Dynamic functions; Expression tree or other alternatives?


For the project I’m currently working on, I would like to be able to do multiple different calculations without prior knowledge about what to calculate. The formula that the kernel should execute can contain the basic arithmetic operators, and the input variables will always be the same i.e. x[n] and y[n] and each thread does one single calculation.
So at one time a kernel needs to execute [font=“Courier New”]output[i] = x[i] / (2 - y[i])[/font], while the next time it could be [font=“Courier New”]output[i] = 15.5 + y[i] - (x[i] + 0.5)[/font].

These calculations will come from another program (statistical package) which I linked to CUDA, and now I’m wondering if it’s possible to implement this.

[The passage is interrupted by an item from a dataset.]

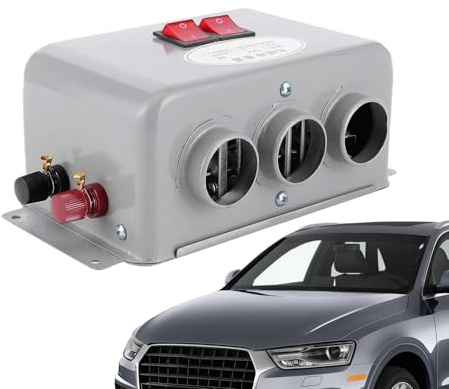 Calentadores De Coche | Dispositivo De Calentamiento Rápido 12V 24V - Calefactor De Aire Para Automóvil,Para Vehículos Camiones Autocaravanas Espacios Interiores Y Escritorios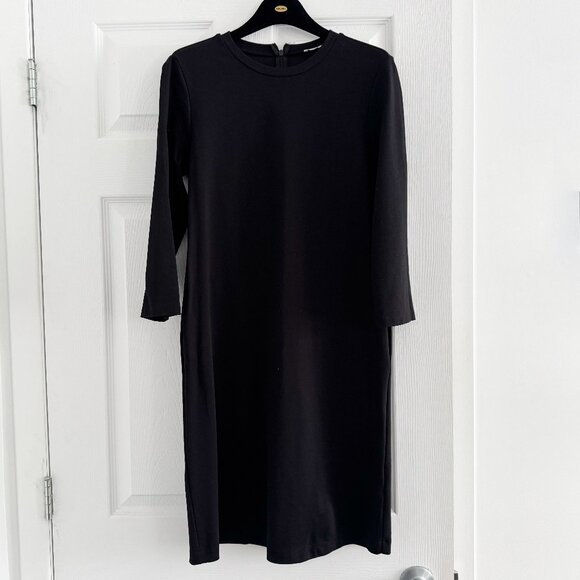 Filippa K "Pocket Shift Dress" in Black Jersey, size Small - Picture 4 of 10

I thought the most obvious way would be to make an expression tree (like this one) which might be some work to do without recursion, since I’m far from being a programming expert…

The other option I thought about was using simple regular expressions to alter a kernel-template and include this at runtime using the driver-api (compile as cubin-file?). Although I read about this possibility, I don’t have a clue yet how to make that actually work (the RE is no problem though).

Any help or advice is highly appreciated!

  • Marcel.

Just my first thought, parse the expression on the CPU and reorder the computation to be a stack based evaluation, like reverse polish notation.
So you’d change “x/(2-y)” into the operations

push x
push 2
push y
do -
do /

Such a simple list can then be evaluated by the GPU without recursion or difficult parsing. If you know your stack has limited depth you can use registers, but even an arbitrary depth stack would work OK by using shared RAM… that may limit your thread count though.